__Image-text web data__
---

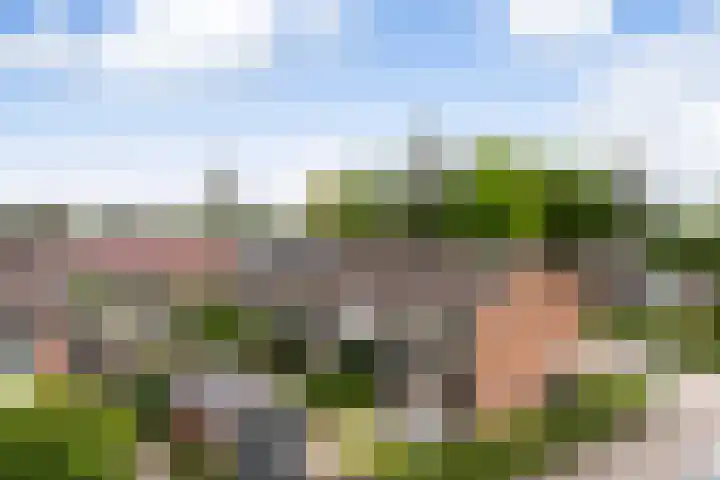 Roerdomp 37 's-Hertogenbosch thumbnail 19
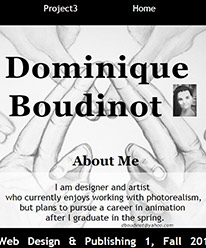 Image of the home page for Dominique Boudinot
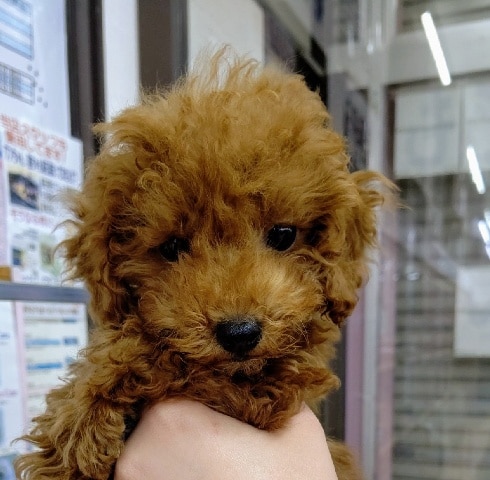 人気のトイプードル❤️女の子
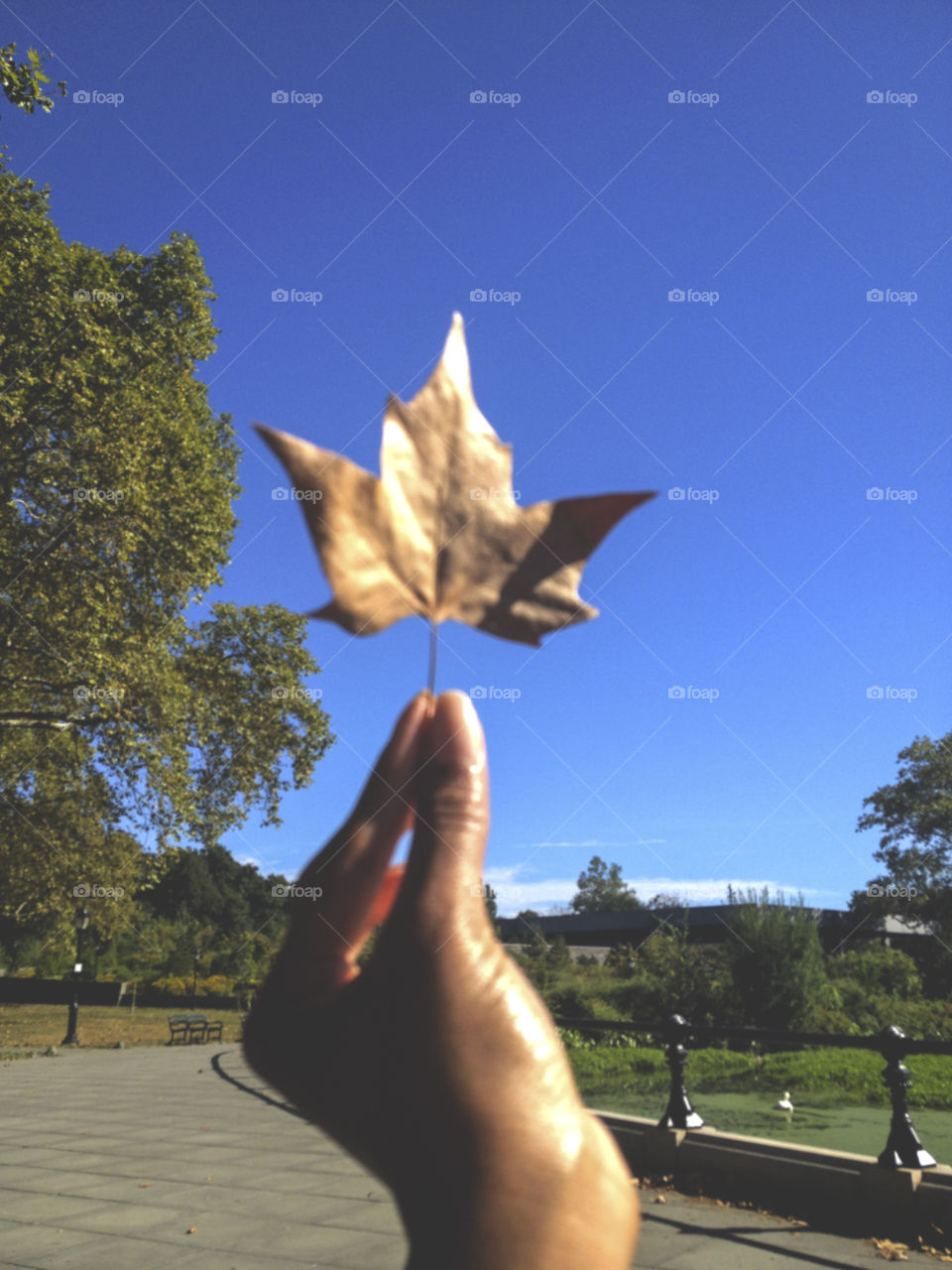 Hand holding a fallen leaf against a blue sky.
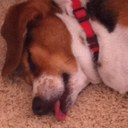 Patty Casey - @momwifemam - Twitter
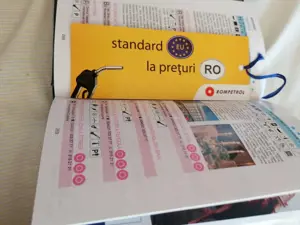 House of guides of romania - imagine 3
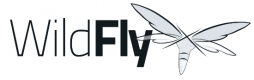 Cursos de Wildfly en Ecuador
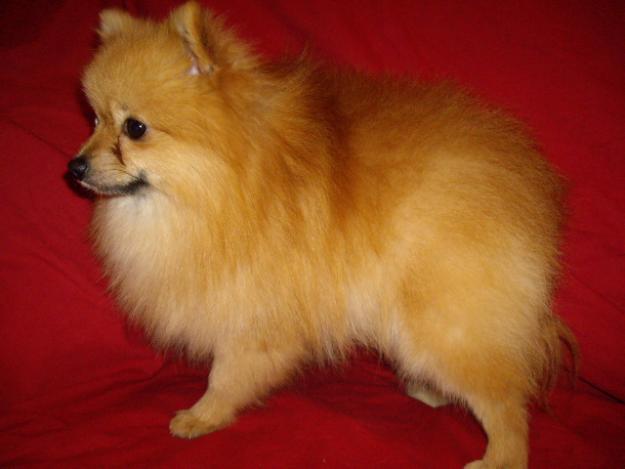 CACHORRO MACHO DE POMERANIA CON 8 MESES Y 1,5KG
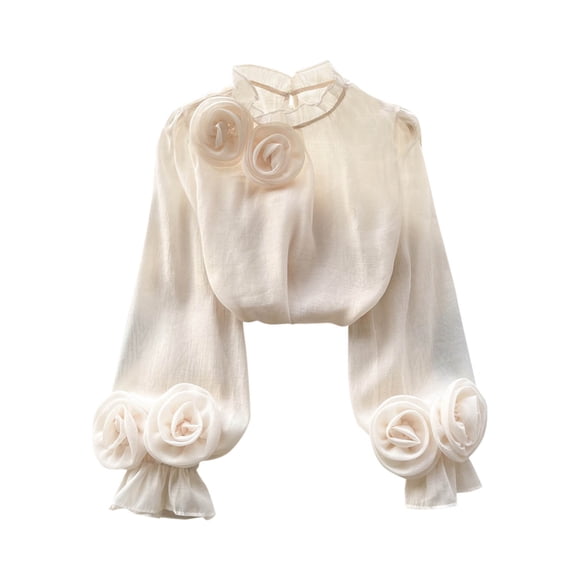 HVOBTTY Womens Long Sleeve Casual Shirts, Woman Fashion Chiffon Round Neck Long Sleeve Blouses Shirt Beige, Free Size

---

__TASK DIRECTIONS__
Find the line that contains "Image of the", then write out that line and every line after it through the end of the records, exactly. Leave the pictures out.

__ANSWER BELOW__
 Image of the home page for Dominique Boudinot
 人気のトイプードル❤️女の子
 Hand holding a fallen leaf against a blue sky.
 Patty Casey - @momwifemam - Twitter
 House of guides of romania - imagine 3
 Cursos de Wildfly en Ecuador
 CACHORRO MACHO DE POMERANIA CON 8 MESES Y 1,5KG
 HVOBTTY Womens Long Sleeve Casual Shirts, Woman Fashion Chiffon Round Neck Long Sleeve Blouses Shirt Beige, Free Size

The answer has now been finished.